I would need a credit card for that.


----------



## Pepper (Oct 20, 2020)

debodun said:


> I would need a credit card for that.


Well, you see, you're causing your own problems.


----------



## debodun (Oct 20, 2020)

Aneeda72 said:


> Loews and Home Depot deliver, but don’t waste money on a toilet. Since you are the only one using that toilet, as you have said many times, your butt is not catching anything from it.



But it isn't working properly. The water just swirls around unless I hold down the handle, and then I have to vigorously plunge it.


----------



## Aneeda72 (Oct 20, 2020)

debodun said:


> I would need a credit card for that.


No you would not, both stores take cash.


----------



## Aunt Marg (Oct 20, 2020)

debodun said:


> I am seriously thinking about having my toilet replaced - it's disgusting because of and water and iron deposits.
> 
> View attachment 129199
> 
> I contacted a plumber and he said that if I buy and have the toilet ready, he would install it. There's no way I can transport a whole toilet. Have it delivered you say? Not an option either.
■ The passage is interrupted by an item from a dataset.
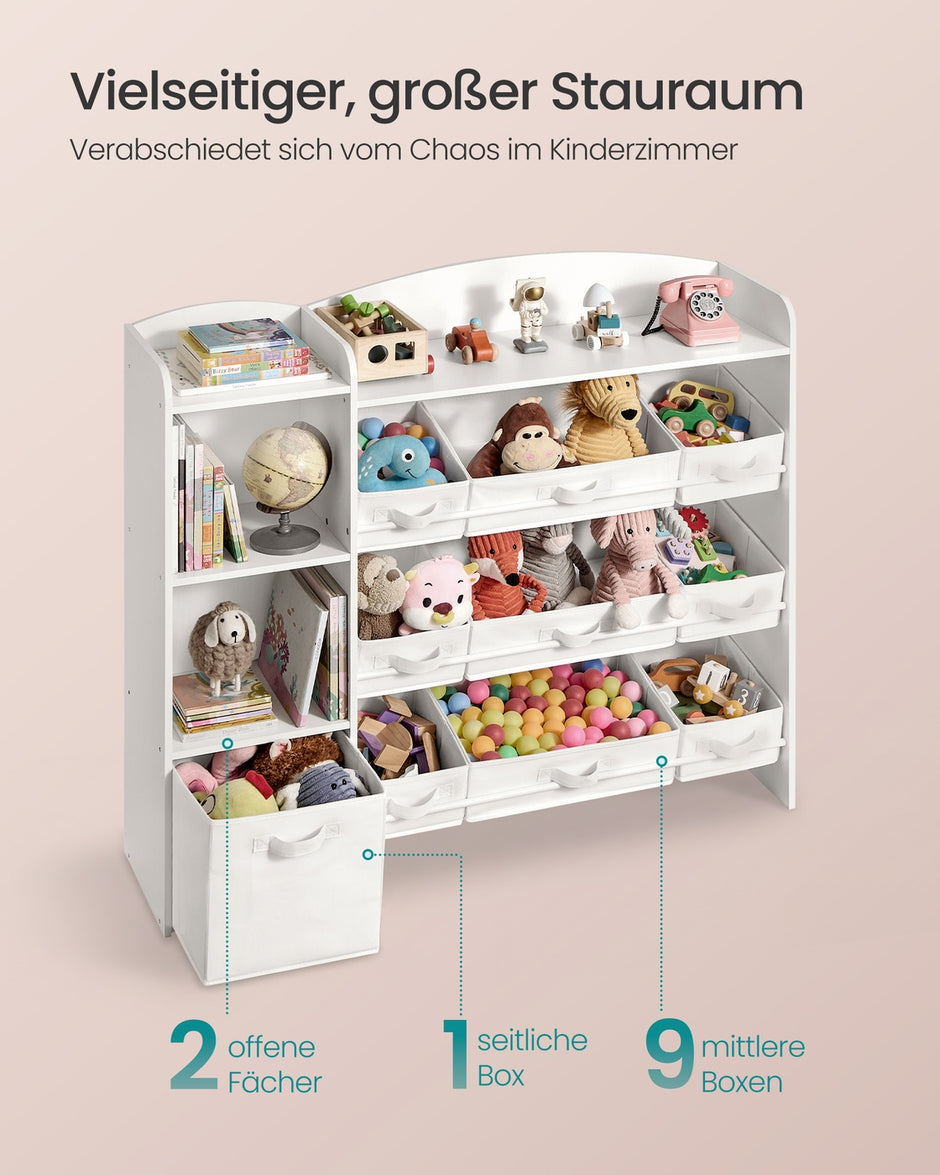 Speelgoedopbergrek - 30 x 113,1 x 104 cm - Wolkenwit - Maximaal 120 kg belastbaar - Vliesstof, spaanplaat, MDF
Why can't the plumber get it and just add it to the bill?


I would save your money, Deb, if you're not serious about having your home done.

If you're considering having a new toilet installed, with the old existing toilet gone, that's a great time to tear up the old flooring, install a new bathtub and/or shower stall, new sink, repaint, and lay down something new and fresh in the way of flooring, before the new toilet is installed.

Bam! One job out of the way, and you now have a nice clean and fresh room in your house. Check off the list


----------



## Aneeda72 (Oct 20, 2020)

Aunt Marg said:


> I would save your money, Deb, if you're not serious about having your home done.
> 
> If you're considering having a new toilet installed, with the old existing toilet gone, that's a great time to tear up the old flooring, install a new bathtub and/or shower stall, new sink, repaint, and lay down something new and fresh in the way of flooring, before the new toilet is installed.
> 
> Bam! One job out of the way, and you now have a nice clean and fresh room in your house. Check off the list


Besides no plumber is putting a new toilet on a rotted floor.


----------



## win231 (Oct 20, 2020)

My plumber brought & installed 2 of my toilets.  I bought the other 2 & he installed them.  I've found that you need to be dealing with a big plumbing company that has many employees; not a small 2-3 man operation.  It costs more but it's worth it.  A bigger company will have contacts with several distributors & get the best price and availability & will deliver & install.  With 2 of the toilets, my plumber caught problems that prevented the new toilets from working properly.  And, installing a toilet properly involves knowledge & experience.  A previous plumber improperly installed a toilet & instead of re-doing it right, he cemented the toilet to the floor to prevent the leaks from being visible.  Then, he hid the gray cement by covering it with white plaster.
As for brands, there are only two that I would consider - for reliability, water usage & price:  "Toto" and "Kohler."  Those recommendations came directly from my plumber.


----------



## debodun (Oct 20, 2020)

I just got off the phone with another plumber. He said he doesn't buy his fixtures from the big box stores like Home Depot or Lowes because they don't hold up. His price was around $800 for parts and labor and that didn't include any other problems that might arise once he got into the job.


----------



## debodun (Oct 20, 2020)

I don't know why I get in a dither these days about home repairs. Years ago I'd just look up someone in the yellow pages, they'd come and do the work, I paid them and BANG - it was over an done. Now everything seems over-priced so I feel I have to shop around. Who has the best deal? Are they cheating me because I'm an old woman living alone? So nothing ever ends up getting done.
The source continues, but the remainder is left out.